### BRIEF
The line that contains "VENA Μπλουζάκι Matilda" marks the end: retype the data below exactly from its first line through that line.

================

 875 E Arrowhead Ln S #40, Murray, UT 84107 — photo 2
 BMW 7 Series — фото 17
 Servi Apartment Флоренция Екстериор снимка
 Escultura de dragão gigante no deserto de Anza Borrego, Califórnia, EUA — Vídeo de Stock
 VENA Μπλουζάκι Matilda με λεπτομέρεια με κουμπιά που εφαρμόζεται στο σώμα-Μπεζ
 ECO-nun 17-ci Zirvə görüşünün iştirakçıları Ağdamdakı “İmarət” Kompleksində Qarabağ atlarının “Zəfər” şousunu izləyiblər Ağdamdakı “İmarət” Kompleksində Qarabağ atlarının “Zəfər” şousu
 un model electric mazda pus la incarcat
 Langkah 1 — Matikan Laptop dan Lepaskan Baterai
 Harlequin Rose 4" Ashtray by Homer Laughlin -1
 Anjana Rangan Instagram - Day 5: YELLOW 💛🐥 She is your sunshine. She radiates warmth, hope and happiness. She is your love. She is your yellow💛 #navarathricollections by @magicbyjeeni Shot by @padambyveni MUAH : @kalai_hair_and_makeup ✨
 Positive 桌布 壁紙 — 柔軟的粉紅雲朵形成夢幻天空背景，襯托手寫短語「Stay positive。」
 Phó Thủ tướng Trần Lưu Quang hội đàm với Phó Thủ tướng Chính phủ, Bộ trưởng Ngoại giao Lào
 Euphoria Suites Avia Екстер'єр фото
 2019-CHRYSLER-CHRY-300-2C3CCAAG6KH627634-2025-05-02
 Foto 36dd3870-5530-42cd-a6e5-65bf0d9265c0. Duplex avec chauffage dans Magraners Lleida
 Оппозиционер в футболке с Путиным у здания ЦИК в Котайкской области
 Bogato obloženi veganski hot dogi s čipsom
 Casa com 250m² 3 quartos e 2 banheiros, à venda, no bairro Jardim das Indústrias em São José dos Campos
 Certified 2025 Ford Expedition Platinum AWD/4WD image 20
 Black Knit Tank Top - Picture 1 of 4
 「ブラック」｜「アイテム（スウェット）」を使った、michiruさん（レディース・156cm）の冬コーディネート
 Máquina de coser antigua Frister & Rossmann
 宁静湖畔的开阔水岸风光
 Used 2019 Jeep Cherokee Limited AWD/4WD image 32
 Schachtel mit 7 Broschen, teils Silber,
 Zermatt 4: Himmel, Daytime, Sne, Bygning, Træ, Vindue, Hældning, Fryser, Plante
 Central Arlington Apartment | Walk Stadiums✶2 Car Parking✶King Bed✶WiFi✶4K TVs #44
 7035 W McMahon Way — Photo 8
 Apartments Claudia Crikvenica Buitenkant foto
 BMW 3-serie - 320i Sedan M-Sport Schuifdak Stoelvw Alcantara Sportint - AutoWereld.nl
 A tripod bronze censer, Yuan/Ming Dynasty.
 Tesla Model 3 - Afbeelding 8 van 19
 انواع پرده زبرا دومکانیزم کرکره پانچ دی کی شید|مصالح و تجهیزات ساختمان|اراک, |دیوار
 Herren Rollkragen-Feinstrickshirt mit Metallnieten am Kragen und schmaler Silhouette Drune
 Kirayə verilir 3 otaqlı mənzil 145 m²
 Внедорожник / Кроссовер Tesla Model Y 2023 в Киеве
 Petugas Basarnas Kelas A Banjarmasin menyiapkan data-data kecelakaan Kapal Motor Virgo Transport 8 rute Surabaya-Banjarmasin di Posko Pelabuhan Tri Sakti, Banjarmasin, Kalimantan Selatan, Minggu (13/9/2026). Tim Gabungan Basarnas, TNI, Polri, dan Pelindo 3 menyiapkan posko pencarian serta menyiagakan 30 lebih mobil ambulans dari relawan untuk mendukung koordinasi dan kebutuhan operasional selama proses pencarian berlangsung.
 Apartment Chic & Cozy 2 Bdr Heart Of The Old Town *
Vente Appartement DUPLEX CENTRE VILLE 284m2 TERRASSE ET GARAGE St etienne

================

### TASK SOLUTION
 875 E Arrowhead Ln S #40, Murray, UT 84107 — photo 2
 BMW 7 Series — фото 17
 Servi Apartment Флоренция Екстериор снимка
 Escultura de dragão gigante no deserto de Anza Borrego, Califórnia, EUA — Vídeo de Stock
 VENA Μπλουζάκι Matilda με λεπτομέρεια με κουμπιά που εφαρμόζεται στο σώμα-Μπεζ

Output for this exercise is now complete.